Thank you for starting this thread, I’m going to do some reading!

Here you go, I posted in-line, in BOLD:

Thank you so much for this topic ! One quick question. Can an agar-malt solution ( designed for mushroom culture) be used as a base medium for plant tissue culture? Thank you

You would not want to use MEA in plant tissue culture. Plants feed off the carbon from sucrose. Fungus feed off MEA and use malt as a sugar source.

One thing to consider though if you have mycology experience is that you already have a jump start since you know sterile technique!

No words SC_Jedi, very much appreciated all your answers and tips.!!Very clear and I will definitely follow them in some experiment.
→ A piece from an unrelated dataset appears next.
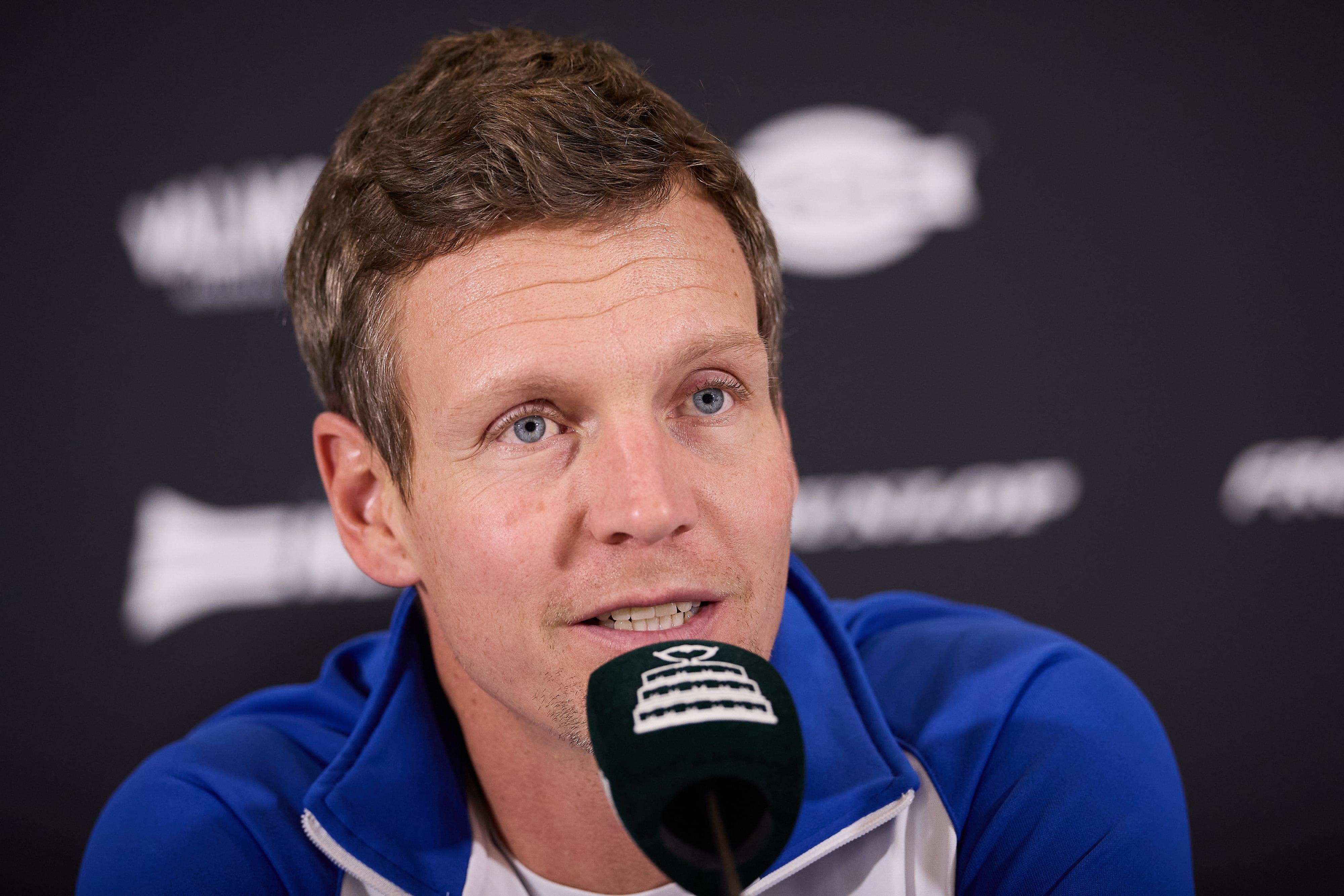 Tomas Berdych, capitán del equipo de República Checa, en rueda de prensa en la Copa Davis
Note: sorry 5 inch not foot

Dear @SCJedi,

If possible I would like to back to you with two questions:

• Lighting: what’s the minimum light requirements you consider is needed for the tissue culture ? Light cycle as well would be appreciated.
• Temperature and environmental conditions.
  Again minimum requirement with the intent to preserve genetics more than clean mother and clone back ( if this makes sense).

Many thanks in advance

Hi @Rhizome,

Light at 50umol and 18 hours of light are fine since these are all veg cloning lights work great. Most papers say 25 degrees C which is about 77 F. I aim for 75-80.

Many thanks!

I will try in few weeks or so…I hope to post some pic after for your comments and check results.

I’m at the beginning of taking a deep dive into TC and this is great. Thank you so much @SCJedi for the information. Watching intently!